Now, as usual, I always underestimate all the work and research that goes into making a video like this. I don't just go through their website for a few minutes and be like, “Okay you guys, seems like a pity, kid. Makes you like it. Subscribe!” That's my terrible Cartman impression. But for real, though, I spend hours of my time doing a lot of research on this, reading through every page, all the terms of condition, all the fine print, everything to make a video that you are watching right now.

All I ask from you guys in return, if you appreciate it, just a simple like. That does it! You hit the like button, good enough for me. Let's continue with the video.

Now, for those who aren't aware, Roofstock is actually a really cool concept. It's a website that analyzes single-family homes positioned as rentals. Imagine it almost like it's a Zillow of pre-screened homes that are all meant to be investments. The advantage to buyers is that they can access homes with renters already in them, allowing them to buy a property with immediate predictable cash flow. The advantage to the seller is that you get to sell your property with the tenant already living in the house, thereby not losing out on any rental income during the selling process.

So, as their website states, buyers access vetted homes with current cash flow, seller's market homes without lost income or disrupting tenants. There’s a really weird thing that I’m reading here. Am I reading this right? "Neighborhoods avoid signs, yards which could depress values." It's a win-win all around!

Okay, so apparently yard signs are depressing property values. Okay, let me put my imaginary conspiracy theory hat on for one sec. Guys, gotta come clean here, got to spread some truth on this channel here. Rising interest rates don’t affect real estate values. Lack of wage growth doesn’t affect real estate values. That has nothing to do with it. The bigger problem I see here? For sale signs in the front yard! I can't even say that with a straight face.

Okay, but all saving that point is so ridiculous I don't even know how to respond to something like that. I have never seen in my entire career, over ten years, a for sale sign negatively affecting the value of a neighborhood. But let's just continue.

Okay, so anyway, back on track here. It honestly seems like a pretty decent business model from the outside. Sellers don't really have to bother with listing and showing their home; they simply submit it to Roofstock. They analyze it, they price it, and then they really only have to deal with it or show it once they get an accepted offer. Meanwhile, they get to keep the tenant in there. The tenant goes undisturbed, and it can continue collecting their rent every month.

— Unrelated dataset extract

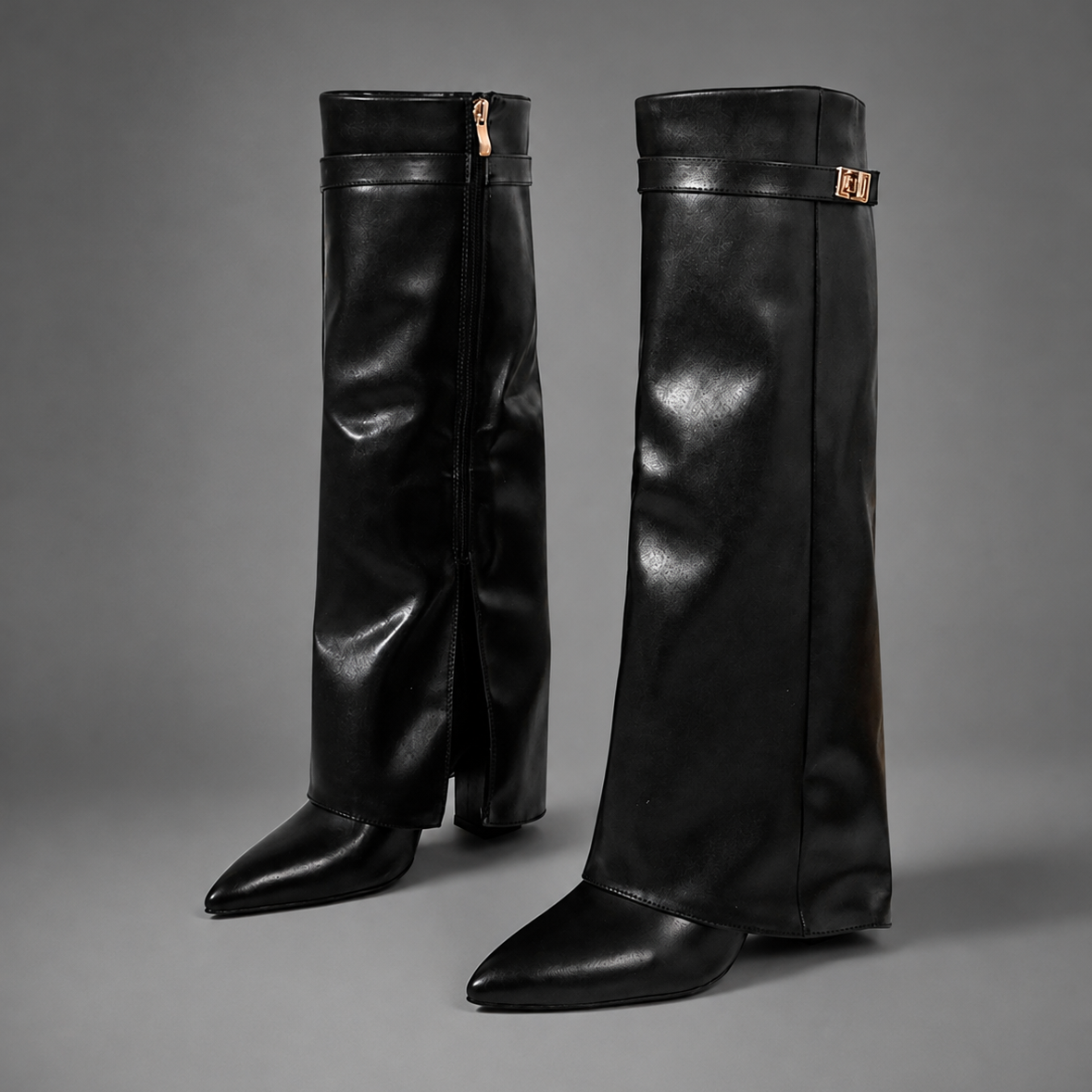 Women’s knee-high slouch boots with pointed toe, low block heel and metal cuff detail.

The overall process seems pretty seamless for the seller. You submit the property to Roofstock, they'll conduct their own due diligence, and they'll analyze it and give it a valuation they recommend to sell to an investor. They handle all the offers, and then they'll coordinate the sale.

But now, you might be asking yourself, wait a second, if Roofstock is a business, how do they make money from this? And that's a great question. Roofstock charges the seller two and a half percent of the sales price as a fee for their service and everything they offer. For the buyer, they charge the buyer a half a percent of any property the buyer gets. So, the total amount that Roofstock gets for a hundred thousand dollar home would be three thousand dollars in commission.

Now, from my perspective as a real estate agent, the two and a half percent fee that Roofstock charges seems somewhat reasonable for basically just analyzing your property, doing their due diligence on it, putting it up on the website, fielding the offers, going through paperwork, all that sort of stuff. Even though there are no showings involved, and as a real estate agent myself, most of my fee is really for the showings that I do and for all the time I spend on that. I mean, it seems pretty reasonable for what Roofstock is charging.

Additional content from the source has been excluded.